== Prompt ==
Reproduce exactly the lines below from the one containing "999 N Holliston" through the one containing "Used Volkswagen T-Roc", including both, and nothing else.

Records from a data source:
• • • •

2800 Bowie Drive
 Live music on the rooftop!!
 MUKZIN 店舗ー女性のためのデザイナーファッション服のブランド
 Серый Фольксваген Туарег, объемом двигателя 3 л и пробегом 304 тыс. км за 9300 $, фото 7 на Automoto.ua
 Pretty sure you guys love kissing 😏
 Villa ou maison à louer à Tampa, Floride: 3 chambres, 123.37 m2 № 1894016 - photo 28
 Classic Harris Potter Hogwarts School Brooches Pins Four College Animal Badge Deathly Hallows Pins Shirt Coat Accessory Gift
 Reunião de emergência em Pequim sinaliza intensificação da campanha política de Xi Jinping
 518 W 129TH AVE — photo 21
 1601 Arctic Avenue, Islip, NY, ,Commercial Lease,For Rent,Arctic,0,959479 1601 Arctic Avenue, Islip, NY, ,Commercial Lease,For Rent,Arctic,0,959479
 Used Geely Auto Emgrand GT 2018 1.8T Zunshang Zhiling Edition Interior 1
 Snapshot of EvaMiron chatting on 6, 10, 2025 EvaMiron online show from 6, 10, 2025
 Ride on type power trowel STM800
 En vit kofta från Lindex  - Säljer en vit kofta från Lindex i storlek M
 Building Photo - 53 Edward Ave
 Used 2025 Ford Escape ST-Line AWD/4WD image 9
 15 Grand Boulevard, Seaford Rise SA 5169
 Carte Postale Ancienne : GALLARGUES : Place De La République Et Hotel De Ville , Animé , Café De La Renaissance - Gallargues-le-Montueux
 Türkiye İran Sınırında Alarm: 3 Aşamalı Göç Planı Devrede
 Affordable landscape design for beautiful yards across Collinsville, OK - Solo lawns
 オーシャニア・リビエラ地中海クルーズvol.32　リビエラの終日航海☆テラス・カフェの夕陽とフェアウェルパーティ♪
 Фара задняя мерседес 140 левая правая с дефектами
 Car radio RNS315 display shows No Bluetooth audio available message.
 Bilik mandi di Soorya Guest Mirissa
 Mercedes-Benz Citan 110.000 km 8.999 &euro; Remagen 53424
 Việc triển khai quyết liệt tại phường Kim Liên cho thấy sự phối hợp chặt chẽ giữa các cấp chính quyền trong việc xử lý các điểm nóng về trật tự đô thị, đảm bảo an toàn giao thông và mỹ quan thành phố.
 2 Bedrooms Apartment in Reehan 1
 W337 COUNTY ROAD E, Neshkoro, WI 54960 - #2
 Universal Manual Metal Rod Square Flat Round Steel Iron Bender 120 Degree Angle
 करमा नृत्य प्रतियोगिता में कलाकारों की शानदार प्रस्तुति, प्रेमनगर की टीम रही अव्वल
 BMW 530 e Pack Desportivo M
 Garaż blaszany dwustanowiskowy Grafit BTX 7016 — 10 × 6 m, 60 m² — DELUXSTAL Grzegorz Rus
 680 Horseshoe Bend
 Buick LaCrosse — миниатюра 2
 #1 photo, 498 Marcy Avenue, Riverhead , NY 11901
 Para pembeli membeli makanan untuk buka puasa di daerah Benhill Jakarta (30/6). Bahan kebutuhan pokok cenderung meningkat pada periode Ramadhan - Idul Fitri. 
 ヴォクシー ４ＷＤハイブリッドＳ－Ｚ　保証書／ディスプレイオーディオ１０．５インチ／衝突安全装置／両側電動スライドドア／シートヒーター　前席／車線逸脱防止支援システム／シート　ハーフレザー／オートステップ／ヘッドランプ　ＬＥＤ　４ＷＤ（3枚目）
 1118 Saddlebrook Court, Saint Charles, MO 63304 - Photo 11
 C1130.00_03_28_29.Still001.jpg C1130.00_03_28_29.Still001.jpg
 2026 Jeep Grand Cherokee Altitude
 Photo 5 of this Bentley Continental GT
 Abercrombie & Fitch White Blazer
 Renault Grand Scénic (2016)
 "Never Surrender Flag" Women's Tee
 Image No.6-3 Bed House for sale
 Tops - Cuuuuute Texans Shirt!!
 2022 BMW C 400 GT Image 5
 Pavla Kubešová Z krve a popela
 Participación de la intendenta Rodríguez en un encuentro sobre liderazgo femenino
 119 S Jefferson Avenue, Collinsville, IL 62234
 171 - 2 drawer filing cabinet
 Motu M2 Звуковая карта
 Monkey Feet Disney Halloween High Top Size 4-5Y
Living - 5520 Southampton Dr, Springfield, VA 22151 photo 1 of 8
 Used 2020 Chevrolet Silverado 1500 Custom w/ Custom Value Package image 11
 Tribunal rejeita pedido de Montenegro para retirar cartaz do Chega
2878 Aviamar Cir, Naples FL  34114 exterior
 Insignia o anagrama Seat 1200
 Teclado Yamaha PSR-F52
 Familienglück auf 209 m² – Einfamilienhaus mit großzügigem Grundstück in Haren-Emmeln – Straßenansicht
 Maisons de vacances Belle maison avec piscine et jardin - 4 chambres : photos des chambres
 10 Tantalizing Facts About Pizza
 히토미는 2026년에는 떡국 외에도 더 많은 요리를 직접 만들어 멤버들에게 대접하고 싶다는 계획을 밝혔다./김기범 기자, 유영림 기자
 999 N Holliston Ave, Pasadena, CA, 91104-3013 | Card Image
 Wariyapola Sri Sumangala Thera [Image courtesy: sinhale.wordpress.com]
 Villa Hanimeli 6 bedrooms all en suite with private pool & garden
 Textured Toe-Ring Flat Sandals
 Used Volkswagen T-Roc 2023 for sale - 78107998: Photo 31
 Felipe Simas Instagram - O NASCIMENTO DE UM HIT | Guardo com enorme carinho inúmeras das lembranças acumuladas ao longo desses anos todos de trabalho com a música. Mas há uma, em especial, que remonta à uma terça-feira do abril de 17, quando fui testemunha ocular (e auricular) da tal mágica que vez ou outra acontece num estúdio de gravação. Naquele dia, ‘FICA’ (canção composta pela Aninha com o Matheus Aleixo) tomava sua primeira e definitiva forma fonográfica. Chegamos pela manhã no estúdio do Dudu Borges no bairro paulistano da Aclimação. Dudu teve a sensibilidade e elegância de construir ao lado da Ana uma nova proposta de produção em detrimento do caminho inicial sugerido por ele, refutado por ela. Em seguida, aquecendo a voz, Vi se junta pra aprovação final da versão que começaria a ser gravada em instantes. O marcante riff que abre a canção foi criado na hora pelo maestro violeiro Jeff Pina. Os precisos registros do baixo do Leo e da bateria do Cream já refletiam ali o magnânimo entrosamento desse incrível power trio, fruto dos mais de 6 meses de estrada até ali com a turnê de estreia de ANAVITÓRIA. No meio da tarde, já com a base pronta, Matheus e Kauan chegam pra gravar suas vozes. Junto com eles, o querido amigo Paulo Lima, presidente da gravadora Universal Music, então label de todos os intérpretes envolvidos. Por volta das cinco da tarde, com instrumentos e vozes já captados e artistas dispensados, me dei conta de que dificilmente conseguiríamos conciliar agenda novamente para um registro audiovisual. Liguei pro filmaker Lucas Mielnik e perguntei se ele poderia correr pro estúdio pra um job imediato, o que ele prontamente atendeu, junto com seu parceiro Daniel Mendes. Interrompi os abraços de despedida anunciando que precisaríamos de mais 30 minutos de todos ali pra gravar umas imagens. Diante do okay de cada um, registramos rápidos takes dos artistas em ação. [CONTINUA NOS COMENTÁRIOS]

• • • •

== Exercise response ==
 999 N Holliston Ave, Pasadena, CA, 91104-3013 | Card Image
 Wariyapola Sri Sumangala Thera [Image courtesy: sinhale.wordpress.com]
 Villa Hanimeli 6 bedrooms all en suite with private pool & garden
 Textured Toe-Ring Flat Sandals
 Used Volkswagen T-Roc 2023 for sale - 78107998: Photo 31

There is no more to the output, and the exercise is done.